How To: Upload Data and Use the WordCount Sample with Hadoop Services for Windows Azure (video)
Hadoop-based Services for Windows Azure includes several samples you can use for learning and testing. In this video, Developer Brad Sarsfield demonstrates two different ways to upload data to Hadoop-Based Services for Windows Azure. After he uploads the data, he uses the WordCount sample (included) to run a MapReduce program on the uploaded data.
See Also
Transcript
Hi, my name is Brad Sarsfield, I’m a Developer on the Hadoop Services for Windows and Windows Azure team.
Today I’m going to show you two different ways to upload data into a Hadoop cluster on Windows Azure. Once the data is uploaded to my cluster, I’ll use one of the samples – which are included with Hadoop Services on Windows Azure – to run a word count MapReduce job against the new data in my cluster.
To upload the data, I have many options – I can use the Interactive Javascript console, secure FTPS, Azure Blob store, Amazon S3, or import data from Azure Data Market. Let’s start with the JavaScript Interactive Console which I can access from the Hadoop Services on Azure web portal.
Upload data using the JavaScript Console
- The first thing I need to do is create a directory for my data on HDFS inside my cluster. I name the directory example/data.
- To select a file from my local harddrive, I use fs.put.
The name of the local file I am uploading is DaVinci.txt. And the HDFS destination is my newly-created example/data folder. - Click Upload. That’s it!
- To make sure the file uploaded properly, run the #ls command to see a directory listing.
Upload data using secure FTPS
Another way to upload data into HDFS on Windows Azure is via secure ftp. The ftp server runs on the headnode inside Windows Azure. We chose secure ftp because regular ftp puts your credentials over the wire in cleartext. Another security requirement is that the FTP password must be MD5hashed.

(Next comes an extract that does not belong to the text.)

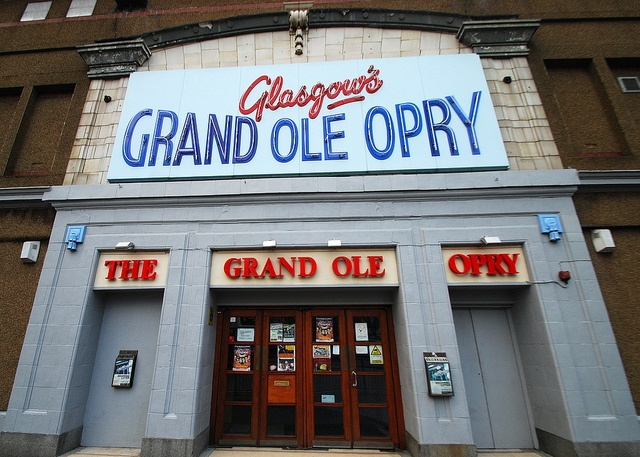 Glasgow's Grand Ole Opry entrance with red doors, posters displayed. Blue and red signage contrasts with the brown brick building facade.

- By default, the FTPS port is closed. To open the port, select the Open Ports tile.
- Toggle the FTPS port.
In the background this opens up the port to my hadoop cluster’s headnode and allows me to upload files via FTPS.
The FTPS client that we recommend is called Curl, and we make it easy for you to use Curl AND to MD5hash your password by including a sample PowerShell script. The sample script is included here with the WordCount sample. - To use the script, I download it to my local box and fill in the appropriate cluster name, my username and password. Now, when I open up PowerShell and call the script, it uploads the specified davinci text file to the examples/data directory in HDFS.

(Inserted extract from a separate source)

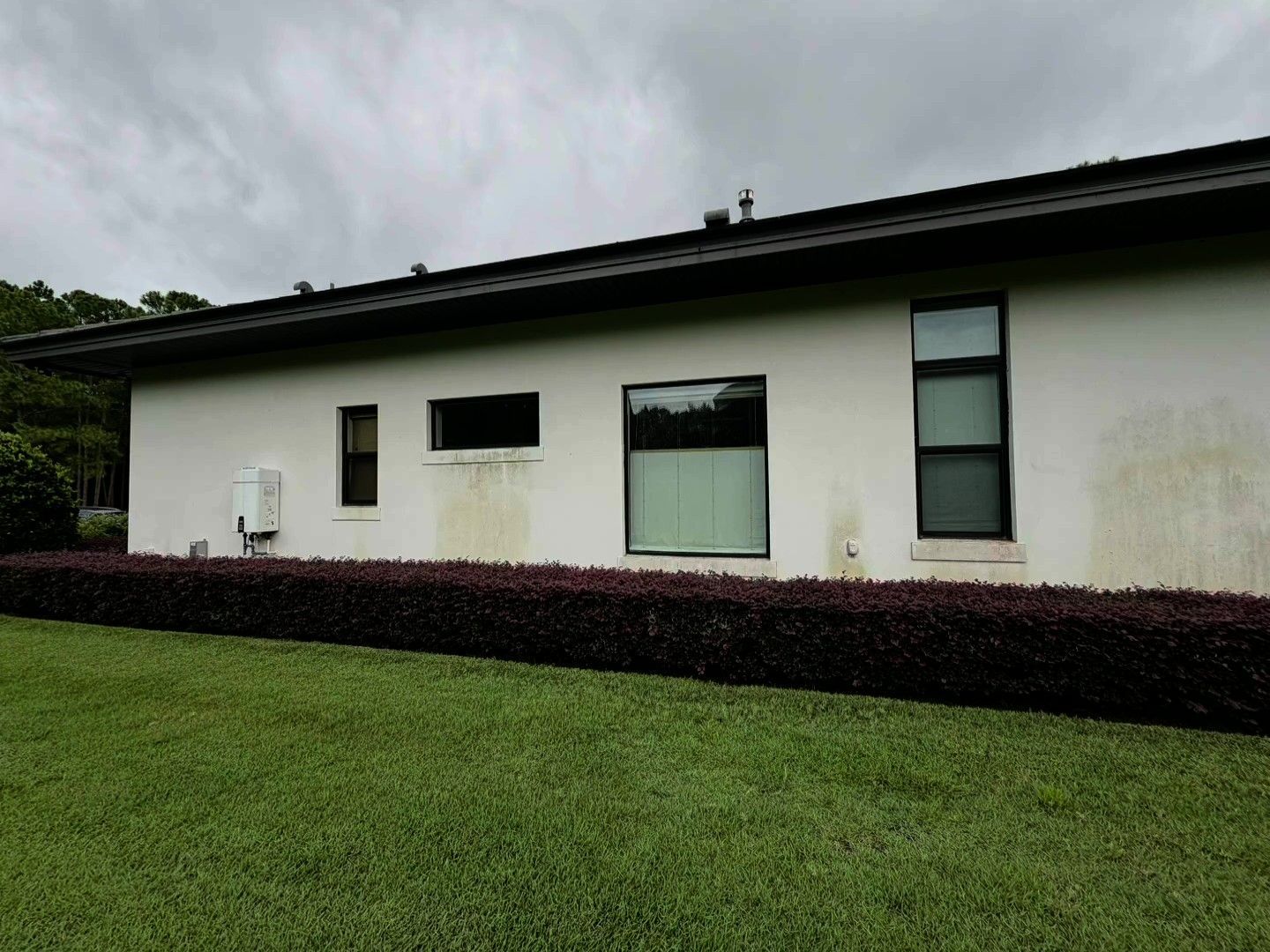 Single-story white house with black roof, dark windows, and trimmed hedge along a green lawn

And there you have the 2nd way to upload data to your Hadoop cluster on Windows Azure. Now it’s time to deploy the wordcount job.
Deploy the WordCount job
Hadoop on Azure comes with samples I can use for learning and testing. Today I’m going to use the WordCount Java mapreduce sample to count the occurrences of each word in my davinci text file. I am going run this example on my cluster using the Hadoop Examples JAR.
On the WordCount Sample page, select Deploy to your cluster.
The Job Template is prepopulated with the appropriate job name, it attaches the jar file and sets the parameters that are going to be passed into the job. It even displays the command that will run on the headnode.
So for my job, the parameters are:- wordcount to indicate we are running the wordcount example for the hadoop-exampes JAR
- Input file is davinci.txt and output file DaVinciAllTopWords
Based on my parameters, the Final Command that will be executed is constructed below.
I click on Execute Job. My davinci text file is sent to the headnode where each mapper evaluates a single line and the reducer sums the counts for each word.
Each map process reads a line from the file and then parses all of the words.
The output of the map is a key-value pair for each word and the number one.
The reducers then sum up the counts for each of the words from all of the map outputs and in turn output each word and its total occurrences for the final output.The Job Page displays status. The Standard Errors section contains messages from Hadoop, things like status, statistics, and informational messages. The Output section contains messages generated by the wordcount Java code.
My job completed successfully. I see that a new file called DaVinciALLTopWords has been created.
I used 2 different methods to uploaded data to Hadoop Services on Windows Azure and then ran the wordcount job on that data.
Thank you for viewing this tutorial. I hope you found it helpful.